MOORE — Nothing can take away the feeling of home. Not even a tornado.
As the wind whipped across the turf and large dark clouds hung overhead on Tuesday, the sounds of whistles and airhorns were joined by the buzz of construction tools at the Southmoore football team's practice.
It was the SaberCats' first official practice since May 20, when an EF-5 tornado broke the foundation of so many houses and turned the football players into a cleanup crew that helped their hurting community.
Southmoore is already starting to recover, grow and learn from that.
Among the more than 80 players who practiced on Tuesday evening until nearly 9:30 p.m. were 22 who lost their homes to the tornado. In honor of them and the city of Moore, the team practiced with navy blue helmets featuring a small decal: An outline of the state of Oklahoma and the letters “OK.”
Two SaberCats who are still affected by that devastation are freshman safety Gervarrius Owens and senior tight end Brandon Garrison.
Every day, Owens drives in from Norman while Garrison drives from Mustang — their new residences.
Their houses once stood in Moore. Neither of them believed they lost almost everything until they saw those houses wiped from their foundations.
Since May 20, their team and community stepped in.
“They've given us so much,” Owens said. “It's just a real blessing. It was a real shocker to have everything and then go to absolutely nothing.”
Said Garrison: “They did everything. They gave us food, they gave us money. They gave us clothes. They even offered us a place to stay or if we wanted to talk. They became more family through this situation than I realized they were before.”
Moore is just starting to rebuild, and so is the Southmoore football team. Out of the three Moore public high schools, Southmoore's students and staff were left with the worst from the tornado's devastation.
And the SaberCats started their practice talking about rebuilding.
“Everybody can start,” running backs coach Spencer Braggs said. “Who's gonna finish? It's about foundation. Lay that foundation today. We start today.”
Off they went. It wasn't a pity-party practice. It was just football. Head coach Jeff Brickman ran his players as close to full speed without pads as he could get them.

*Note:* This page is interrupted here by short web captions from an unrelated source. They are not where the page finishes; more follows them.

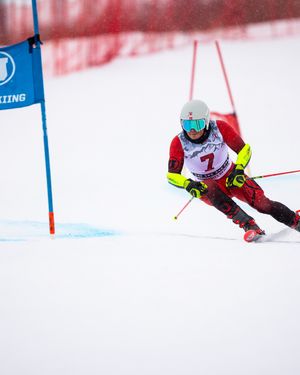 Image post by @utahskiteam on Instagram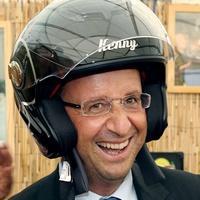 hollande et son casque (vignette)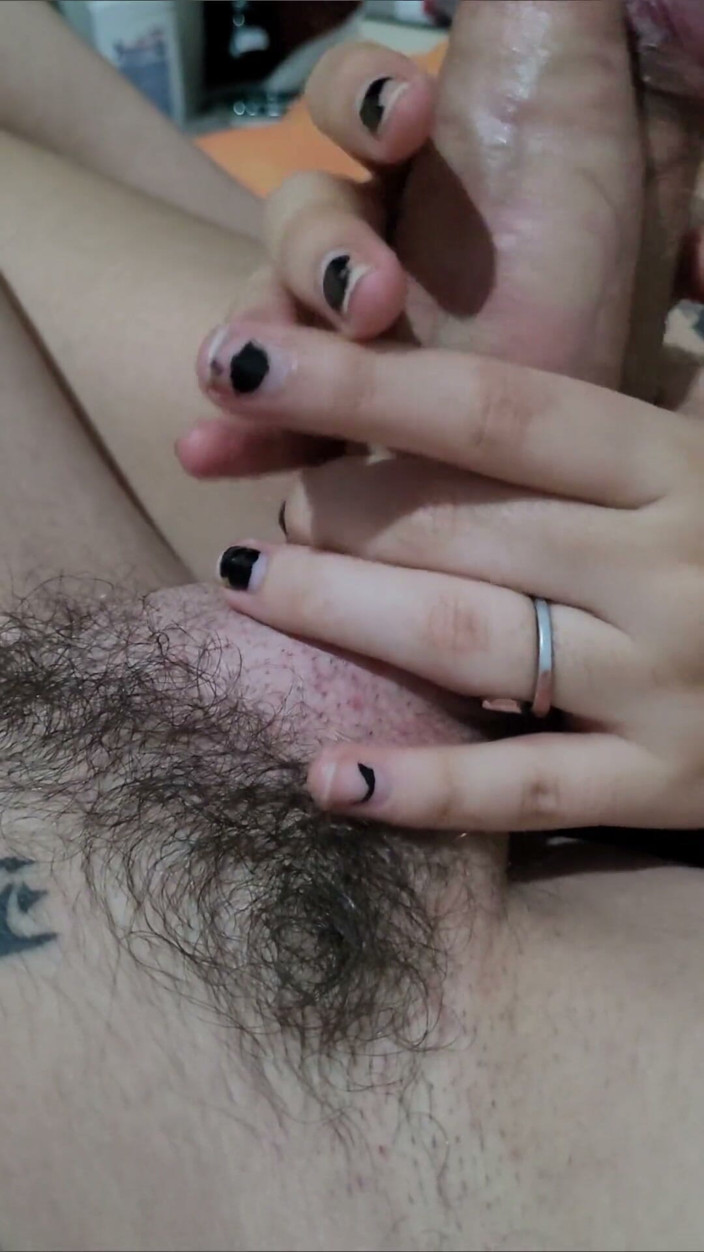AcidSuccubus: Video rekaman 18 menit adik tiri masturbasi &amp; wortel tanpa ampun sampai...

But it didn't start as a normal practice. A television station placed a mic on Brickman's gray “Carpe Diem” shirt. Everything he said for the first 20 minutes of practice was recorded.
The crew that ran the cameras that recorded practice was worried midway through about the clouds above.

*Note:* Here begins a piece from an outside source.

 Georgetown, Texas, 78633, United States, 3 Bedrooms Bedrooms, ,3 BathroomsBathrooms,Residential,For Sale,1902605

“I felt a raindrop,” one said.
Southmoore's athletic trainer assured them the closest storm was two hours northwest, but there was a temperature drop of more than 10 degrees from the start of practice to the end.
The SaberCats ran through offensive and defensive schemes, drilled and ran plays as couples walked their babies and others ran for a workout around the track that frames the field.
From the bleachers, blue tarps on houses were visible. A parent watching practice wore her “Moore Strong” shirt. Less than a half mile north were the letters “HOPE” stuck into a metal fence.
In the end, it was a healing community and a healing football team having a football practice complete with consequences, instructions, yelling coaches and adjustments.
“Today was great, seeing people with smiles on their faces instead of frowns and worries,” Owens said. “When you get on a football field, you really don't think about anything. It's kind of like home.”